Most of this episode is basically TNG's I, Borg and Voyager's Drone redone. We have a sympathetic childlike drone who develops friendships with the crew after some initial hesitation. He has to return to the Borg or risk endangering the crew. We have a situation where his sacrifice might be required and the value of his life is debated. And ultimately when the ship is threatened by the Borg, he sacrifices himself for the crew but the emotional bonds he has formed remains. The idea of a new kind of Anti-Borg consensus being born because of the crew's actions and grateful to the crew appears in Voyager's Unity. The idea of the ship being infiltrated with weird wiring and circuitry by a new lifeform taking control of the ship and trying to bring itself into being and endangering the ship as a result can be found in TNG's Emergence.
Of course I, Borg did much of the same material with intensity and a sense of genuine danger. Picard and Guinan's reactions to Hugh were borderline and disturbing in the sense of altering what we thought we knew about these people and what they were capable of. The friendly drone here though is just one of the missing Teletubbies, he's cute, he's friendly and kind of stupid. And most of all he's loveable. And we meet him before we meet the Directing Intelligence, pretty much guaranteeing that the DI and its parts o' junk ship won't be particularly threatening or impressive. Where the beginning scene focusing on Andromeda's personality suggest that this will develop her character, no such luck. Instead the better part of the episode is spent on the Borg Teletubbie acting cute and desperately trying to worm his way into the viewer's affection like a Hallmark Gold Crown store on "cute steroids." And his departure in not one, but two death scenes to milk the maximum amount of pathos for a character whose sole reason for existence is emotional manipulation.
Where I, Borg focused on developing Hugh as a viable sentient being separate from the collective which happens only by stages, the Borg Teletubbie arrives eager for your love and affection. I, Borg worked because of Hugh's contrast between his Borg exterior and his essentially innocent mind. But this only worked because we knew the Borg and because Hugh wasn't waddling around hugging everyone and as desperate for affection as a Tribble. Instead of developing the Consensus first and introducing Borg Teletubbie later to make a contrast and humanize the Consensus, Sum of its Parts goes for cheap emotional manipulation and pushes the tearjerking lever as far back as it can.
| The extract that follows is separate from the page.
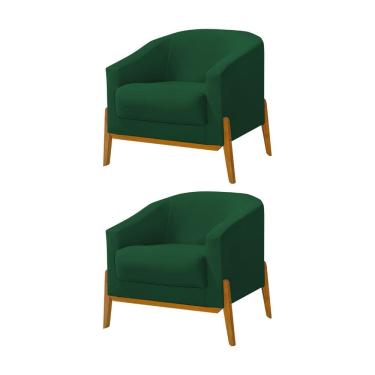 Imagem de Kit 2 Poltronas Living Base em Madeira Maciça Flórida Veludo Verde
Of course no intelligent adult would care about the robotic equivalent of a teddy bear with no contrasts or complexities, but then that doesn't exactly seem to be Andromeda's demographic. As such the Borg Teletubbie basically comes off as the Simpson's Funzo or the creature of David Gerrold rejected Pre-Tribbles TOS script who looks cuddly and cute but is actually practicing mind control on the crew with evil intentions. Like it, the Borg Teletubbie invades Andromeda and nearly gets everyone killed when he tries to take over the ship but since he had good intentions, it's all written off as okay in the end.
And just in case the average viewer hadn't just consumed so much sugar, he was headed for diabetic shock; the episode ends with Trance burying the Teletubbie's heart in her garden proclaiming that "even though you only lived for one day, you already became a hero." There's a certain appropriateness to Andromeda's most nauseatingly saccharine character who doesn't just mug for the camera but practically beats its senseless delivering a saccharine eulogy for a character almost as nauseatingly saccharine as herself. If this scene could somehow be harnessed and transferred into actual form, it could produce enough melted sugar to feed several starving third world nations.
Now this episode could have been hilariously awful if Sum of its Parts had featured dozens of similar Borg Teletubbies invading Andromeda and trying to take over the ship all the while talking in a childlike voice and attempting to assimilate their victims by hugging them. Unfortunately that idea never comes into practice and so this episode is simply awful. Voyager and TNG Season 7 have done some awful things to the Borg, but Andromeda has topped them all. This makes Unimatrix Zero look practically delightful, Descent begins to look like Must See TV. Unless Voyager's season finale features the ship being invaded by huggable Borg signing "I love you, you love me, we're a happy collective family", Andromeda has officially taken the Borg to the lowest nadir possible. I can't imagine what could possibly be worse than this, but no doubt Andromeda's writers will discover it in the second season.